I love your interdisciplinary approach, and how open you are to learning from other musicians and styles of music other than jazz and classical. Tell me how you first encountered Irish Traditional music, and what are your thoughts about it?

My son’s music teacher, fiddler Michelle O Brien, sent some audio homework for him to study, and I immediately heard something so unique and extraordinary in her playing, It wasn’t just “an exercise” to be studied, it turned out that she was a six time all Ireland champion player and a protégé of Trad legend Tommy Peoples. I invited her to join me at my 2023 Bray Jazz Festival gig. We finished the show with a jazz version of “Gangnam Style” and some tunes by Mícheál Ó Súilleabhaín.

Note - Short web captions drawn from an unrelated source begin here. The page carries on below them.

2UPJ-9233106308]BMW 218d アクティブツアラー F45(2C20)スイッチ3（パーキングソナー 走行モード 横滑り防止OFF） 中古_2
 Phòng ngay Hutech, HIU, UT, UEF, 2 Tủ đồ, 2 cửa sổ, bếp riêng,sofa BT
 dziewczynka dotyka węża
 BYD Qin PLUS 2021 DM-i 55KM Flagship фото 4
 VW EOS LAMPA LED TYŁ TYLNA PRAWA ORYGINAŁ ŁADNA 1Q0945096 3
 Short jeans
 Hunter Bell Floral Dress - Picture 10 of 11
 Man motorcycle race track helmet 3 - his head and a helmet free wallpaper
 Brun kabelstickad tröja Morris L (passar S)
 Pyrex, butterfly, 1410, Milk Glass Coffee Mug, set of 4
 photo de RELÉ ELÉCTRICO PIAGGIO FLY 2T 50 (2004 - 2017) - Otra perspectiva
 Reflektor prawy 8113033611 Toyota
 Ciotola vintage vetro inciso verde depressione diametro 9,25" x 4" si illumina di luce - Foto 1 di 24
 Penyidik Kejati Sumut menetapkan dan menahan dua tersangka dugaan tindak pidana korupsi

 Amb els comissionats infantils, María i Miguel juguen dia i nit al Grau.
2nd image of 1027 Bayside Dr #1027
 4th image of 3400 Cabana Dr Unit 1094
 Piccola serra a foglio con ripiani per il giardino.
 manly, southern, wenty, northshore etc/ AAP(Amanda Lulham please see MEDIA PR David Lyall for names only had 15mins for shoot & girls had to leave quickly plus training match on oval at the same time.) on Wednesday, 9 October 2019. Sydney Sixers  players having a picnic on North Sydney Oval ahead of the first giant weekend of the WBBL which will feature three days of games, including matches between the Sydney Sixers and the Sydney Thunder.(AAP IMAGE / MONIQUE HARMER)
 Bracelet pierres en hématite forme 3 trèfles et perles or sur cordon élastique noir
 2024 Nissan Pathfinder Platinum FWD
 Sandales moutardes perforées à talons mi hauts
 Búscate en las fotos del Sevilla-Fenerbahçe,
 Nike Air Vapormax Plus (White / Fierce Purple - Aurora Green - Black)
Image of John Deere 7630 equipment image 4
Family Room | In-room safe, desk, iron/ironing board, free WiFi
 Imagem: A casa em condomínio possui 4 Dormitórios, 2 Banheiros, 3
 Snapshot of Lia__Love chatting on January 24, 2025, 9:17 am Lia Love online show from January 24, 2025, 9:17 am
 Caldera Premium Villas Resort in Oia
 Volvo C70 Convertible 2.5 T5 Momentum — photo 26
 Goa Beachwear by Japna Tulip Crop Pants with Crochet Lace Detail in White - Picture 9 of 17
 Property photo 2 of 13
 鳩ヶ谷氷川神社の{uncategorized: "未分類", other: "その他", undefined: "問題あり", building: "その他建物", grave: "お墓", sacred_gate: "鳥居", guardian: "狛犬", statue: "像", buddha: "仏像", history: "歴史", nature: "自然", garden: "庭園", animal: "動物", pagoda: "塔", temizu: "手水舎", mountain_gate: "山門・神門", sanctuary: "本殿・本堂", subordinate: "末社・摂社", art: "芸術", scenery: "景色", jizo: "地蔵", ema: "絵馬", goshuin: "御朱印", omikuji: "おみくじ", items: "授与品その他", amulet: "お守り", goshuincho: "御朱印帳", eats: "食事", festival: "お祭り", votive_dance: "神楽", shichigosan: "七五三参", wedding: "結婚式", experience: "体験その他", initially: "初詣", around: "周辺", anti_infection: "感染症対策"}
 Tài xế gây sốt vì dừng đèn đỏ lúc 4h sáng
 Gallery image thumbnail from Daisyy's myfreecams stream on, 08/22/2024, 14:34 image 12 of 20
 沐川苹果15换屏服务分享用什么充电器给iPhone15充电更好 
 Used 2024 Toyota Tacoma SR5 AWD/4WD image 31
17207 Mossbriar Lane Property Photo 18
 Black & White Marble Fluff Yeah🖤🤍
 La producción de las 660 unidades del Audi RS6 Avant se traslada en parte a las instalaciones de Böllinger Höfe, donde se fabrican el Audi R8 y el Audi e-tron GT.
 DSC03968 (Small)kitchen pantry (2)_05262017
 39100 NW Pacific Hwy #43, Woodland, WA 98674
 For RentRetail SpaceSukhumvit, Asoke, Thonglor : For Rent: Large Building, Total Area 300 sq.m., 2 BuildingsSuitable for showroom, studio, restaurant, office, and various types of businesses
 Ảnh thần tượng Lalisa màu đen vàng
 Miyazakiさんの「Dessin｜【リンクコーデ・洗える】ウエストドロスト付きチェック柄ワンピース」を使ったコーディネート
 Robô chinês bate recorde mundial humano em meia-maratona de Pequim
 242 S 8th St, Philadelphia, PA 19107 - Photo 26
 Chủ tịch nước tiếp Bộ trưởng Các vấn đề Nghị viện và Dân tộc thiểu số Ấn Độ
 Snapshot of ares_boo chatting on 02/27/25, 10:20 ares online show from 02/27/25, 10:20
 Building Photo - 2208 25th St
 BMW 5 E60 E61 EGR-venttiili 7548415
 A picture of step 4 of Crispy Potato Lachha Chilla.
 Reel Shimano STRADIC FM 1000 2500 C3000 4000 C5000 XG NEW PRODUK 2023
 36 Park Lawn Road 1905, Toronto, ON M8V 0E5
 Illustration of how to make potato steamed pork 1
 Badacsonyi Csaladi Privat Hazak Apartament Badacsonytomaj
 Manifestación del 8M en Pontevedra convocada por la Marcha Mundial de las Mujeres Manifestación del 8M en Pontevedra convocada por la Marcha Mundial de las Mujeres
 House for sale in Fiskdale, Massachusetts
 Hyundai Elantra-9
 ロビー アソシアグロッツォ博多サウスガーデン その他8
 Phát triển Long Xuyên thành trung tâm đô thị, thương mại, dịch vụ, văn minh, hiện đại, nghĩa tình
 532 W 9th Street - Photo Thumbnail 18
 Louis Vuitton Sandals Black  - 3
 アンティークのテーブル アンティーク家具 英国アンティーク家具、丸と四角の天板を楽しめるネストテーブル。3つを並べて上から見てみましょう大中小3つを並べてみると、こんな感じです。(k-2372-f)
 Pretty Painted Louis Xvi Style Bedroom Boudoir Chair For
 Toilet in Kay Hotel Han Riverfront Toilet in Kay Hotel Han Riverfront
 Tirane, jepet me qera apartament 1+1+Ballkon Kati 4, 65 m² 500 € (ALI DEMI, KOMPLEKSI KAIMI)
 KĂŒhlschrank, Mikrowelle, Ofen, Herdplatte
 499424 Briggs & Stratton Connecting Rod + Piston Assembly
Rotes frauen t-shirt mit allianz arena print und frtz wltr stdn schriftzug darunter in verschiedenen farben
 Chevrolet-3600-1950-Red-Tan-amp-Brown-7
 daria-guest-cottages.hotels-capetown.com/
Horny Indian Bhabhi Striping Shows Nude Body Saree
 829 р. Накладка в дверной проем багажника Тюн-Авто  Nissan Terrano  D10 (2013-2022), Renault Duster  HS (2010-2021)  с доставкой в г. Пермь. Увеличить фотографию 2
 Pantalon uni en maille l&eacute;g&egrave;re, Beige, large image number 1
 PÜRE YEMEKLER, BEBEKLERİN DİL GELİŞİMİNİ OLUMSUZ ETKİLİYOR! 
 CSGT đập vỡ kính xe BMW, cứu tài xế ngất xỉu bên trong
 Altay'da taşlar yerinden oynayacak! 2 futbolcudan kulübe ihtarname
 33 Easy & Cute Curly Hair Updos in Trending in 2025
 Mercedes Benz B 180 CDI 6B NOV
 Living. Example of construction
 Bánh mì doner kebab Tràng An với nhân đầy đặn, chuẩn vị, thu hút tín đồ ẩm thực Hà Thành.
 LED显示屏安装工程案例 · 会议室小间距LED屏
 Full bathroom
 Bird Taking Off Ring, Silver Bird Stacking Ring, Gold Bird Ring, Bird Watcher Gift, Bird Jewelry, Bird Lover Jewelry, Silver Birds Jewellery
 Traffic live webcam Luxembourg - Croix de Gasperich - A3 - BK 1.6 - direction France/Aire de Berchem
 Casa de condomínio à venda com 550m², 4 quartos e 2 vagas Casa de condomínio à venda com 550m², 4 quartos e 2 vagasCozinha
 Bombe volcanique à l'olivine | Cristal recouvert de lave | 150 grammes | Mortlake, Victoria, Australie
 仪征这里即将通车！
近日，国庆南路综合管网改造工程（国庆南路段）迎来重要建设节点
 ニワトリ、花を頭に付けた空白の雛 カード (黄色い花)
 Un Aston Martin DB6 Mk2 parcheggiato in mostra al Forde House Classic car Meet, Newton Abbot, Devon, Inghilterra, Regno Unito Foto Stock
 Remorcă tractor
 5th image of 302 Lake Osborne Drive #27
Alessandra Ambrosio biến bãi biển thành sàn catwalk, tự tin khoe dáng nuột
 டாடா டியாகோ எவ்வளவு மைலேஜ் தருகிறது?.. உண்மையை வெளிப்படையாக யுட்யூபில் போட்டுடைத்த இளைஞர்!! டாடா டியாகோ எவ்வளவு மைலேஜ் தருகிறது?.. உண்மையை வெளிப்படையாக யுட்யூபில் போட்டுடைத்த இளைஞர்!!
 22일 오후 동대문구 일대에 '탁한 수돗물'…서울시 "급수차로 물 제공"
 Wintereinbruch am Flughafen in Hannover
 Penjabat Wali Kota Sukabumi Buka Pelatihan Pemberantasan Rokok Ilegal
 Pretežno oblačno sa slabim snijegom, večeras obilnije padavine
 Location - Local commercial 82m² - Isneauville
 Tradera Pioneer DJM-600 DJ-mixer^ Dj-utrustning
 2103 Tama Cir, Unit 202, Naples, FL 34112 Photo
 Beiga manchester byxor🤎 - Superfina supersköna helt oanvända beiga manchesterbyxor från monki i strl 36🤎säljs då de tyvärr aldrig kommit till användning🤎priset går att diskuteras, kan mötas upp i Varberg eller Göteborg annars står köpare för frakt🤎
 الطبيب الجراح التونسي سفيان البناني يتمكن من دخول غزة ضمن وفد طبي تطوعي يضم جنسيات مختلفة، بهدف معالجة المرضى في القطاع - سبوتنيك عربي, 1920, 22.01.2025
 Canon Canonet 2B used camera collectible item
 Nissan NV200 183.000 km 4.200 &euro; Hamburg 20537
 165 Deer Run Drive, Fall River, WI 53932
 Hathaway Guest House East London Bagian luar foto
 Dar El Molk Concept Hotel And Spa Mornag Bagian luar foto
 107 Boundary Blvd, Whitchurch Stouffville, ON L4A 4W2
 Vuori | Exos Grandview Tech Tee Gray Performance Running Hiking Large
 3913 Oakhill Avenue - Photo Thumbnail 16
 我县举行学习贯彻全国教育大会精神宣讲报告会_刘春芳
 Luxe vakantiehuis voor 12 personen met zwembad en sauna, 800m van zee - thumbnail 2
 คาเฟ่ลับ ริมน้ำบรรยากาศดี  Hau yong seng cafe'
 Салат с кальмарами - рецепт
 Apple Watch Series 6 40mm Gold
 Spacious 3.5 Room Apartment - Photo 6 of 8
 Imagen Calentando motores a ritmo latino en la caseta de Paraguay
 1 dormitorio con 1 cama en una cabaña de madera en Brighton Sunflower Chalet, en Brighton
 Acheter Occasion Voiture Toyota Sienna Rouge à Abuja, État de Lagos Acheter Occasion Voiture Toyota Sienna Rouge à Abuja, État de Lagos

Whenever I play with Michelle, we always seem to get sucked into a spiritual space, especially when we play the Co. Clare song “An Gaoth Aneas”, we are always in tears while playing that tune. I can’t quite understand the power this song has over me. I’ve never experienced this kind of emotional effect before, it’s almost like a breakdown. This is a very rare and precious thing, and I make sure not to over play the tune, I hope I can cherish its power forever. Irish music has such strong melodies full of spirit and soul.

 

It’s very moving to hear you speak of your deep connection to that tune in particular, “An Gaoth Aneas” was huge part of the soundtrack of my childhood as it’s on Seán Ó Riada’s famous Gaiety Concert album which was always on at home. It’s wonderful to know that music like this has such universal resonance. Last Summer you had a chance to deeply immerse yourself in the music and cultural life of Donegal when you were awarded an IMC Navigator Artist in Residence at the An Grianán Theatre Letterkenny, how did that go for you?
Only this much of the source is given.